Итак, перед нами был Лео Морган, вундеркинд, превратившийся в молодого поэта, певца поколения ранних шестидесятых, «прови», демонстранта, музыканта-авангардиста, писателя и разоблачителя пороков общества. Кем еще он стал, я не знал — и, пожалуй, к счастью.

Остальные гости довольно хорошо знали Лео Моргана, они приветствовали его с почтением, которое мне трудно было понять: словно какого-то социального инспектора. Со мной Лео поздоровался кивком — после того, как Генри объяснил ему, кто я такой.
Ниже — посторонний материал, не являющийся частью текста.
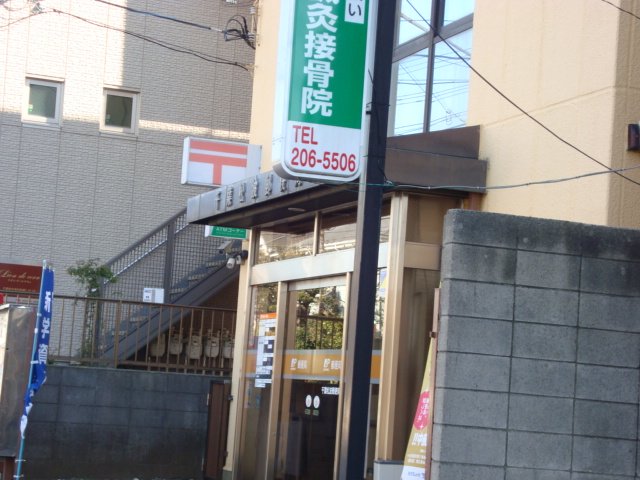 ルーチェス弁天 千葉松波郵便局まで377ｍ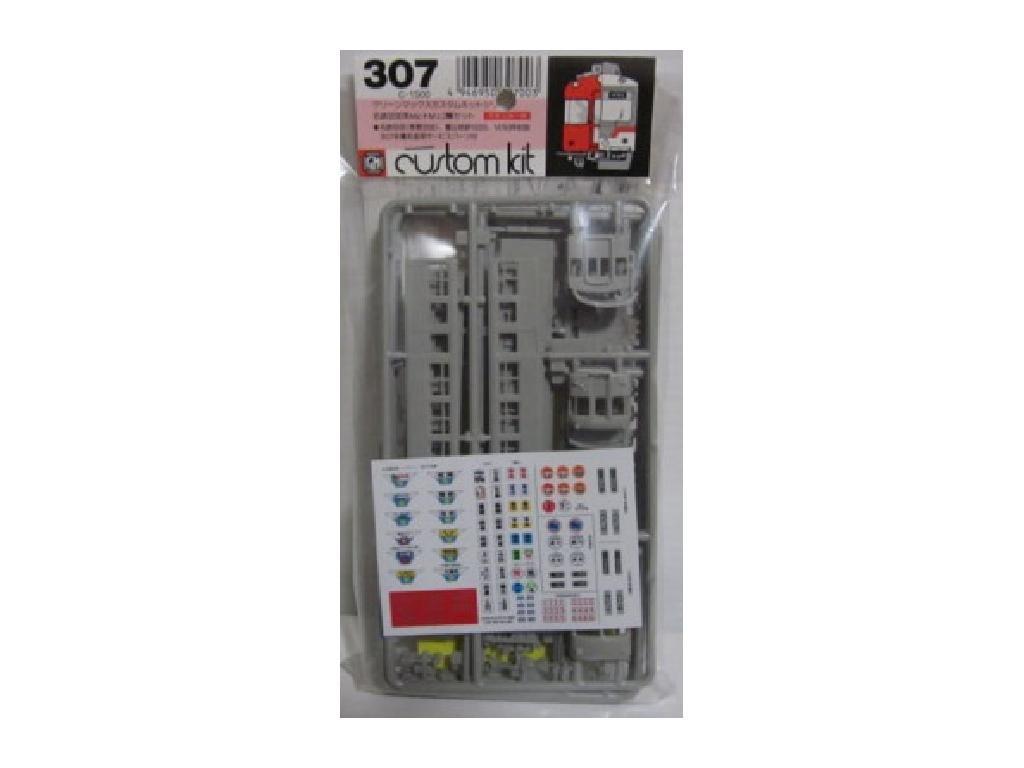 

N Gauge 307 Meitetsu 5500 Series 2-Car Set (Unpainted Body Kit)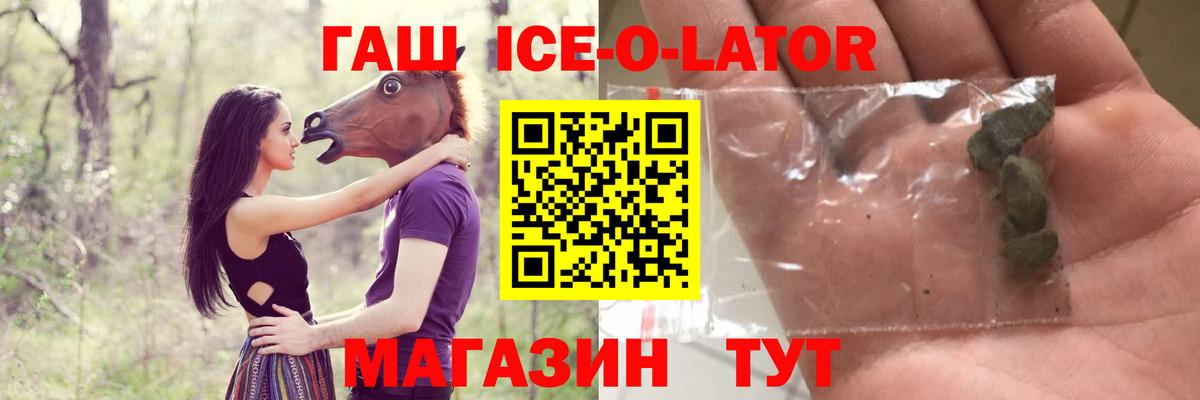 ГАШИШ хэш  ГАШИШ  Вход с VPN  Свободный  ГАШ Ice-O-Lator 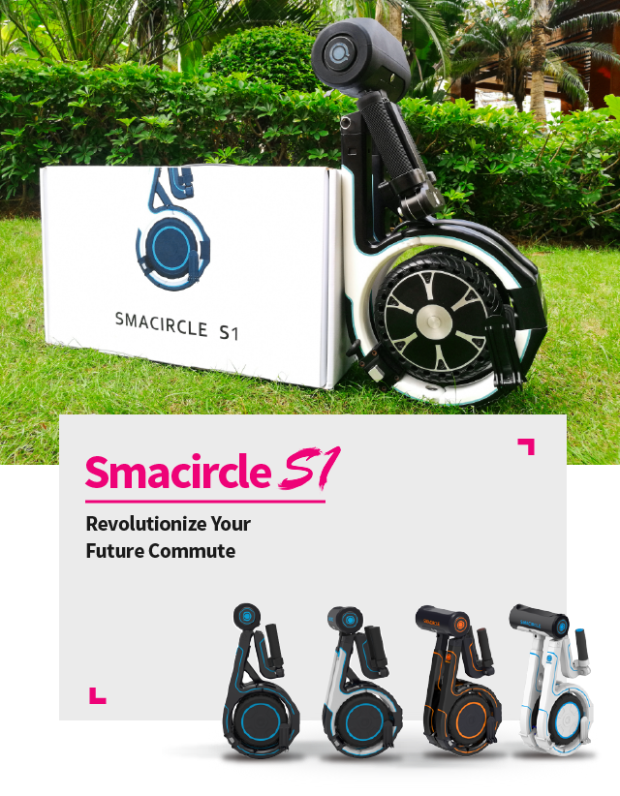 smacircle cost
Из-за неожиданного происшествия, прервавшего застолье, Генри как-то приутих и сник. Он не ждал, что Лео вернется домой. Сидя в конце длинного стола, братья тихо и сдержанно разговаривали — никто не слышал, о чем шла речь. Я догадывался, что Лео есть что рассказать об Америке, хотя в тот момент все выглядело вовсе не так, как бывает, когда кто-то возвращается домой после долгого путешествия и рассказывает о своих приключениях в дальних краях. Ни бурных жестов, ни взрывов хохота. Эта дискуссия больше напоминала обсуждение предстоящих дебатов в штаб-квартире партии.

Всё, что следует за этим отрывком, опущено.